- The problem: The records are set out below this line. Return exactly the lines from the one containing "Kit 2 Borrachas" through the last, and exclude the pictures.

- Material provided:
########################################

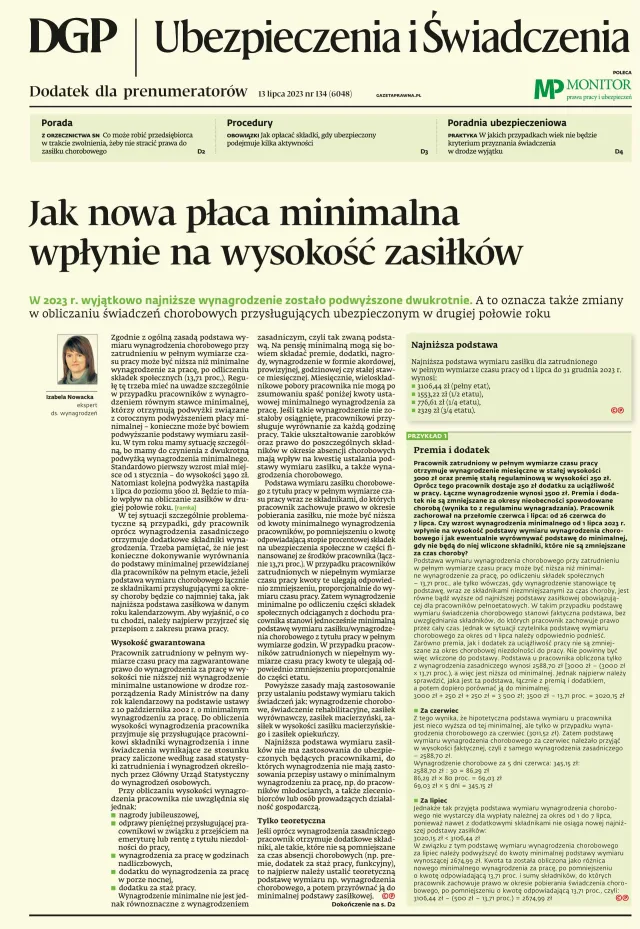 UBEZPIECZENIA I ŚWIADCZENIA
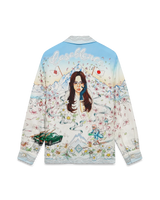 L'Hiver Fleuri Long Sleeve Silk Twill Shirt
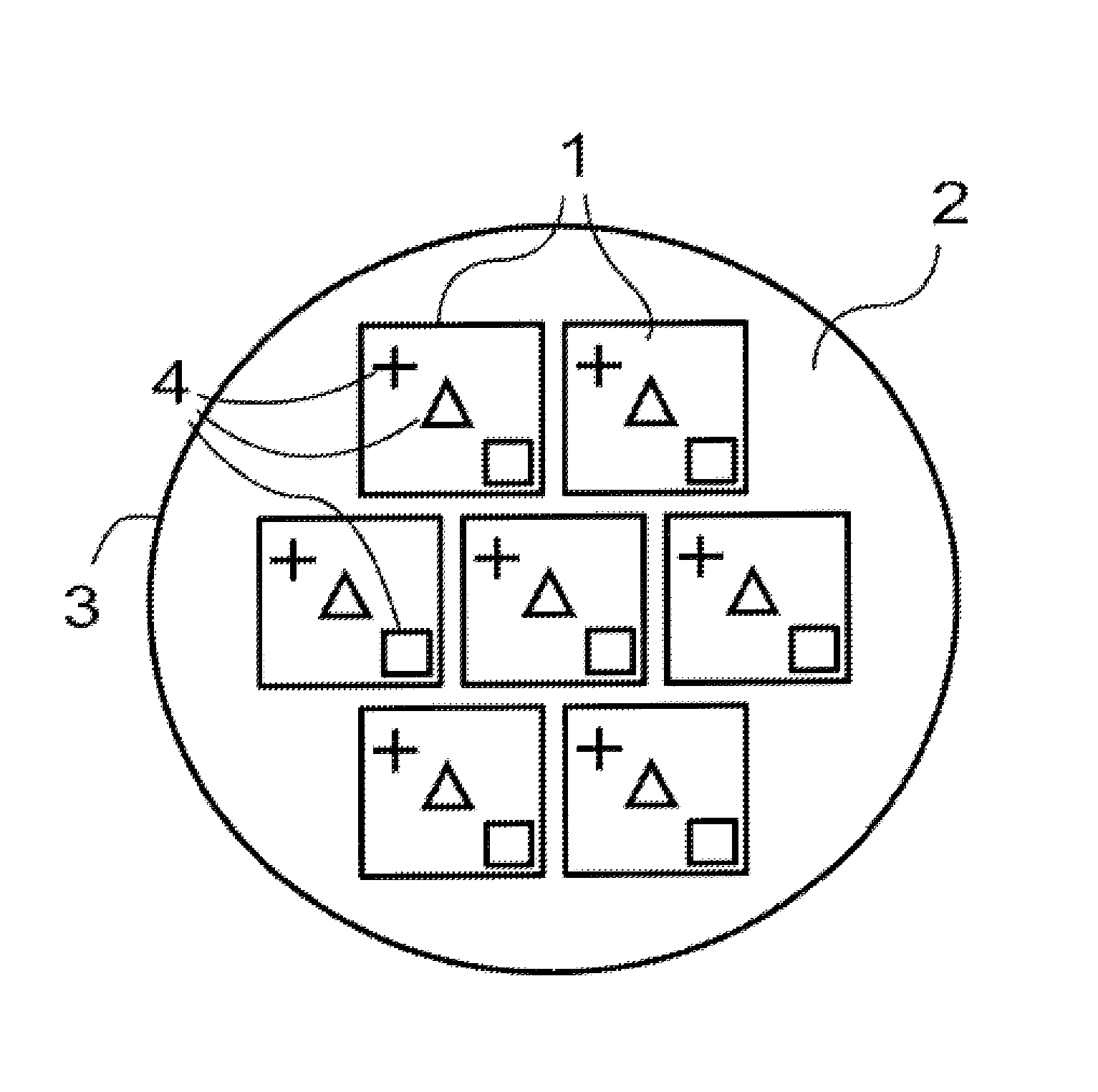 Method for determining the position of a rotation axis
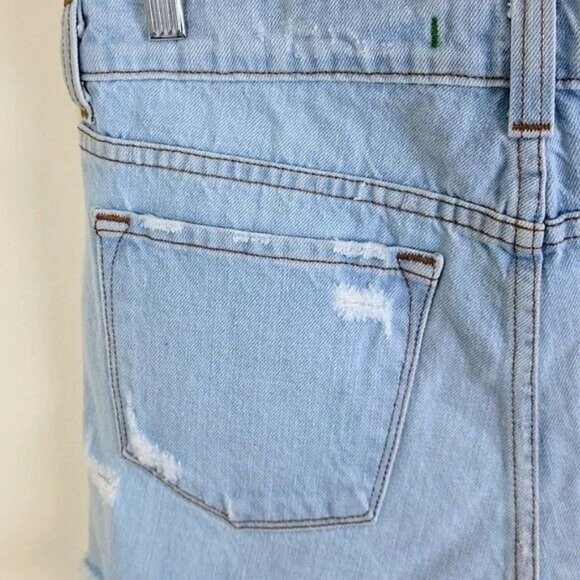 J Brand Libra Cut-Off Denim Short Light Wash Blue Size 28 - Picture 4 of 7
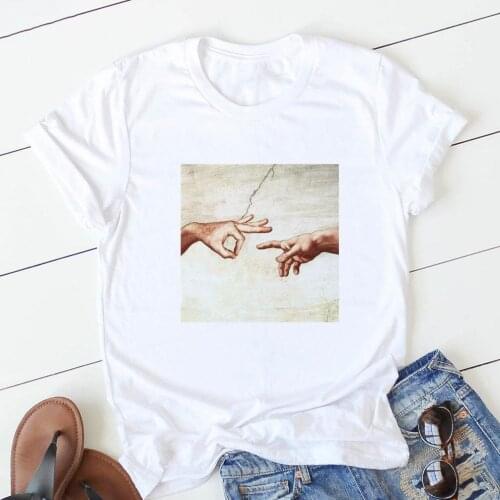 2020 Tees Women T Shirt Summer Short Sleeve O Neck T shirt Harajuku Ullzang 90s Tshirt Korean Style Top Tee Female Clothing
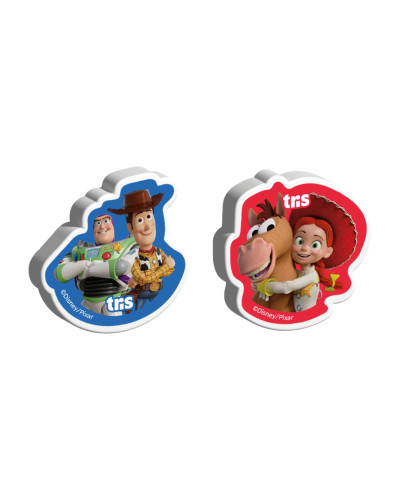 Kit 2 Borrachas Plásticas Toy Story 5 Tris Material Escolar Infantil   # - Produto Original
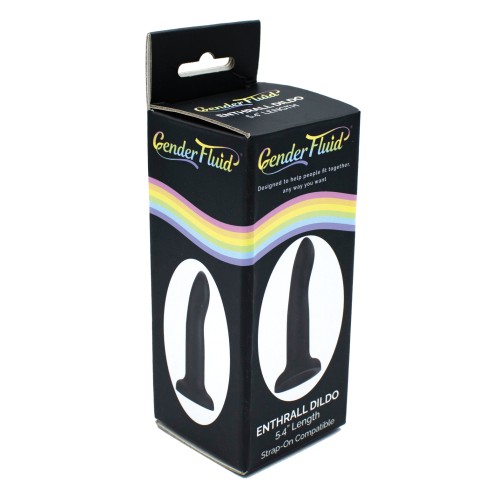 Dildo Strap-On Gender Fluid de 5.4" Negro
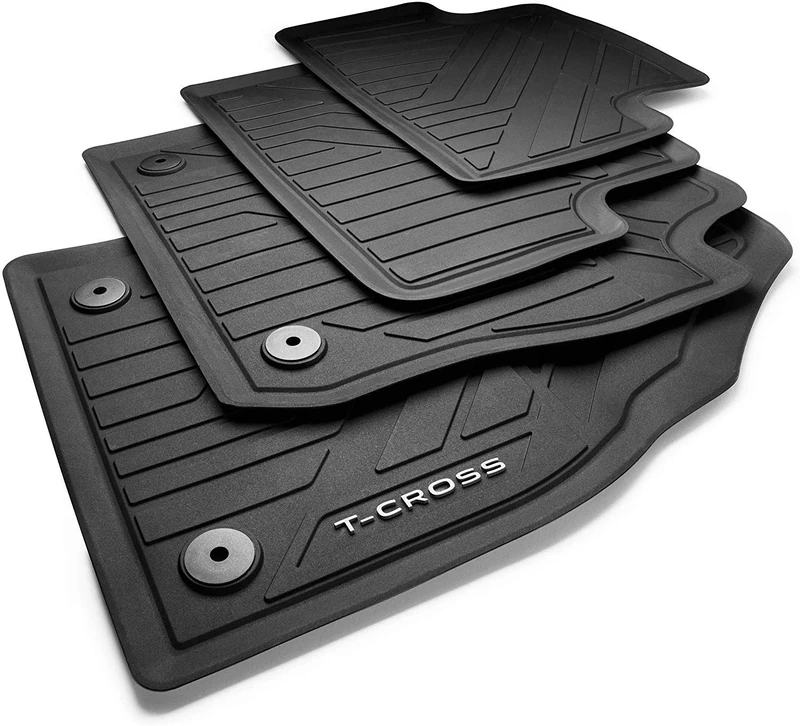 Volkswagen 2GM06150082V premium rubber floor mats, all-weather mats, black, with T-Cross lettering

########################################

- Written answer:
 Kit 2 Borrachas Plásticas Toy Story 5 Tris Material Escolar Infantil   # - Produto Original
 Dildo Strap-On Gender Fluid de 5.4" Negro
 Volkswagen 2GM06150082V premium rubber floor mats, all-weather mats, black, with T-Cross lettering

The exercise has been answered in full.